ACTION ITEM
The lines in the listing below are to be given again exactly, starting at the line holding "Light Blue Cotton Men T-Shirt" and ending at the line holding "Fragrant Flower Pots". Do not include pictures.

INPUT DATA
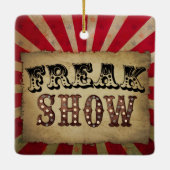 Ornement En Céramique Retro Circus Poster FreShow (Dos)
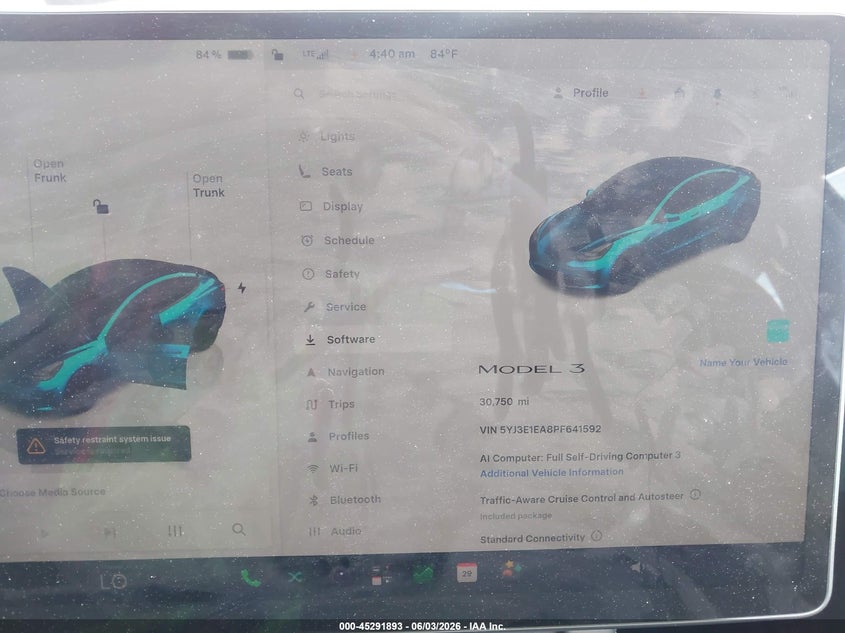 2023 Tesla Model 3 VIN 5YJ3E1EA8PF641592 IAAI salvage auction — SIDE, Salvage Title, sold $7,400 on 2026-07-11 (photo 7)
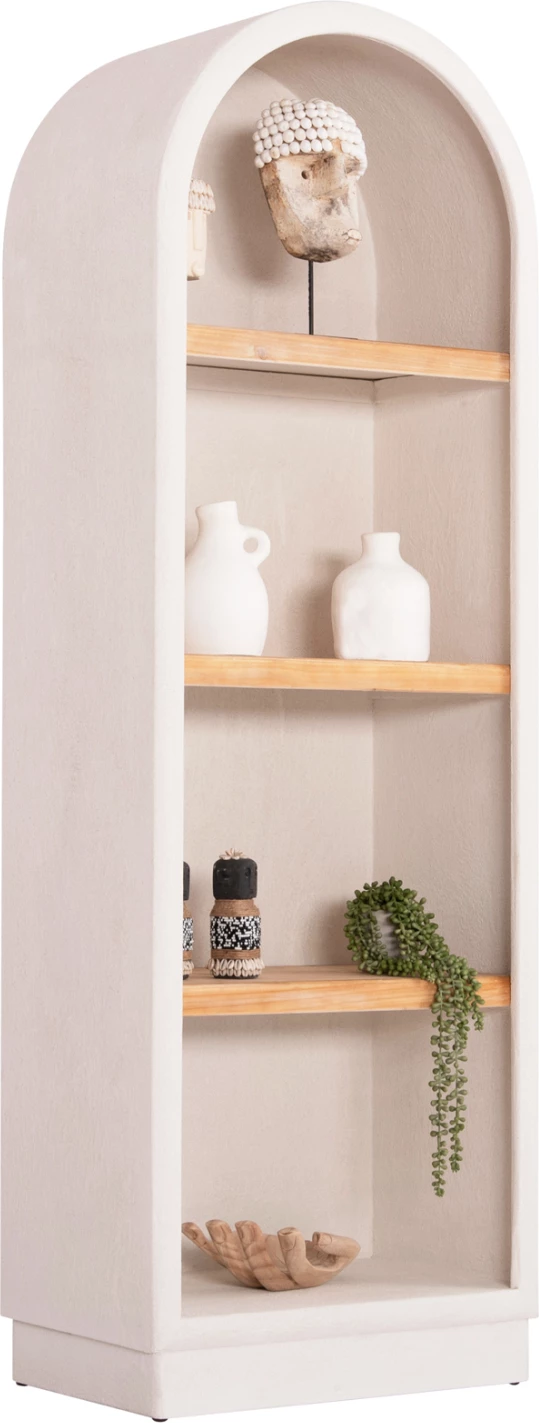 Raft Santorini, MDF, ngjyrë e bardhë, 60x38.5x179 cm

* * *

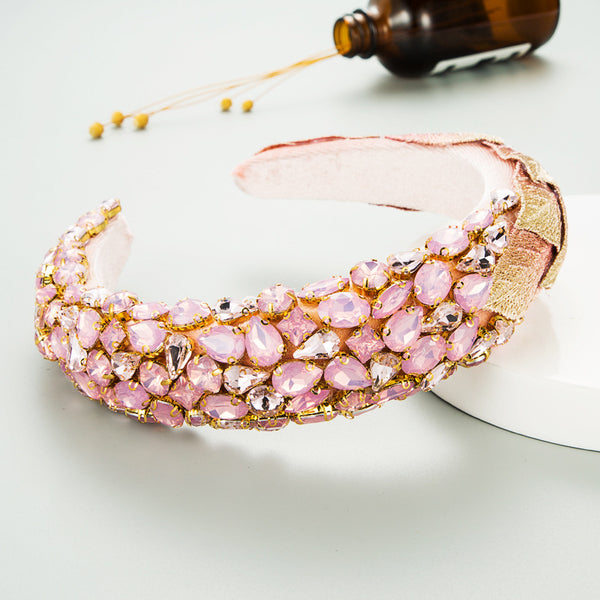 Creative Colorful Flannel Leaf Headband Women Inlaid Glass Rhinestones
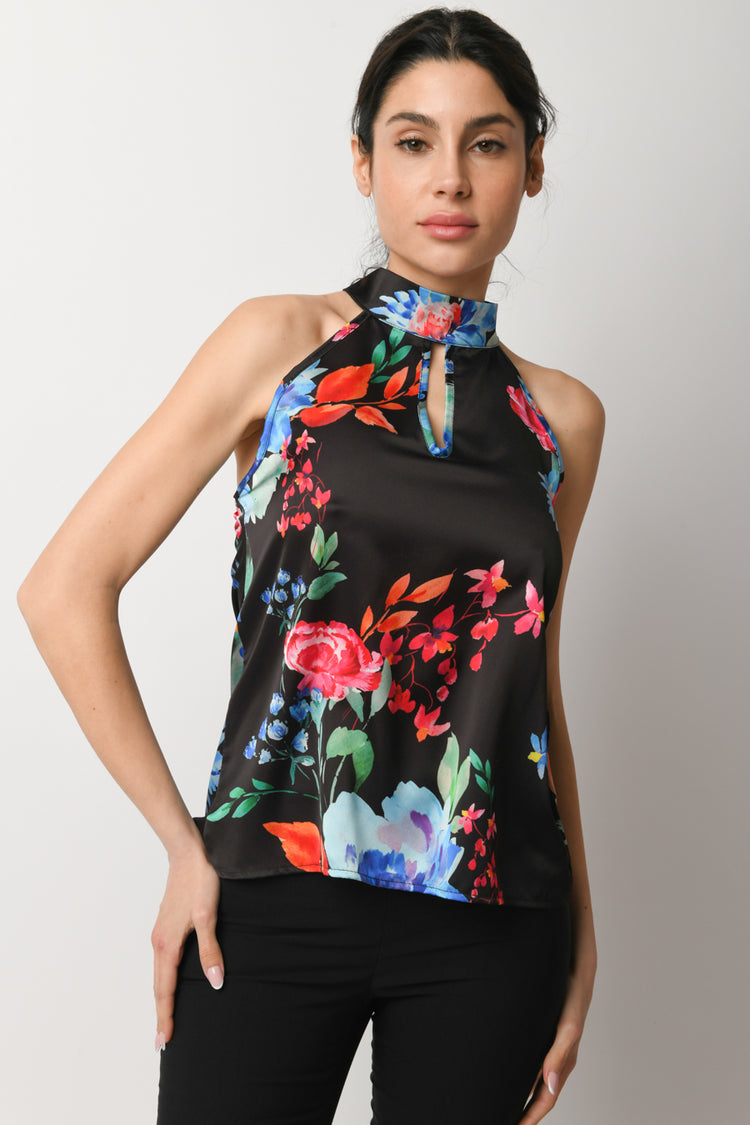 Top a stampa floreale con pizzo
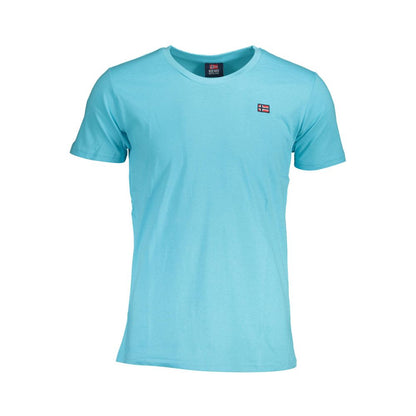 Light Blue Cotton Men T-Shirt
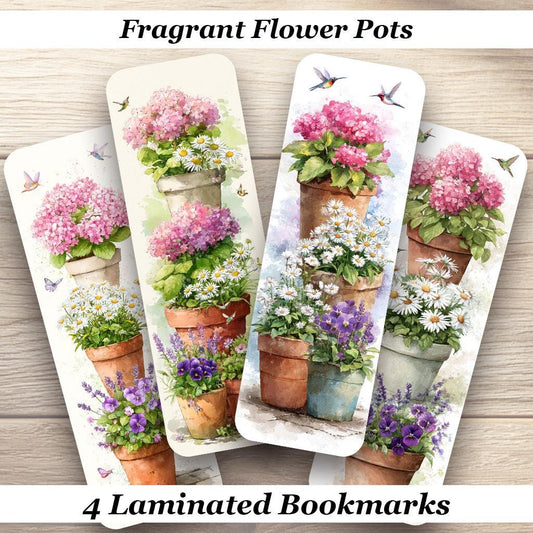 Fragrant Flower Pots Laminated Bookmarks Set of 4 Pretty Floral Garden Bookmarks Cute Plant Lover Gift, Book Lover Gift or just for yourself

--

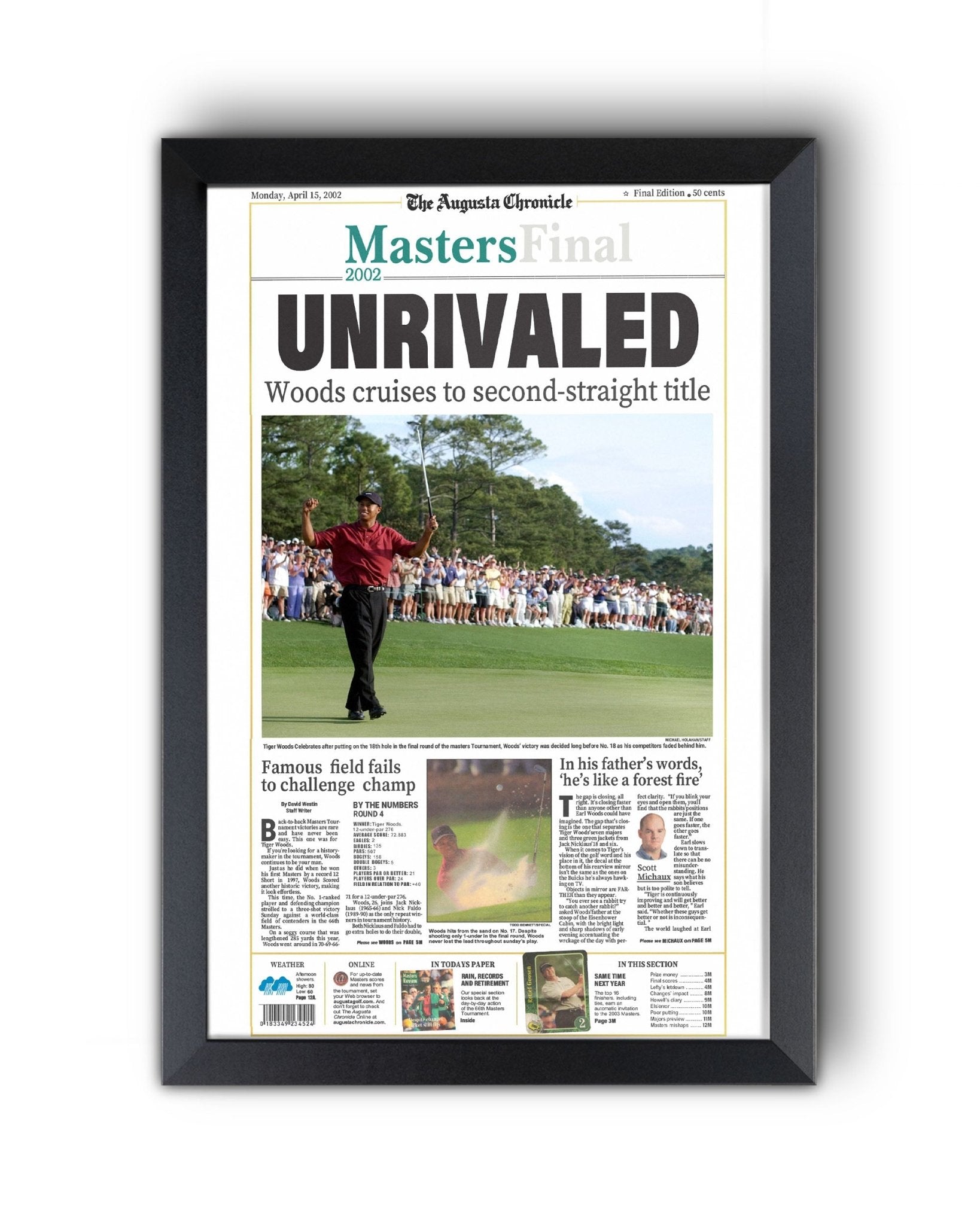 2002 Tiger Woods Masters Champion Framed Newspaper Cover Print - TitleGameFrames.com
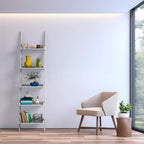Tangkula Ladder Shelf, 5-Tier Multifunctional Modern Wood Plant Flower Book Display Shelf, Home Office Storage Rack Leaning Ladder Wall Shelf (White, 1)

TASK OUTPUT
 Light Blue Cotton Men T-Shirt
 Fragrant Flower Pots Laminated Bookmarks Set of 4 Pretty Floral Garden Bookmarks Cute Plant Lover Gift, Book Lover Gift or just for yourself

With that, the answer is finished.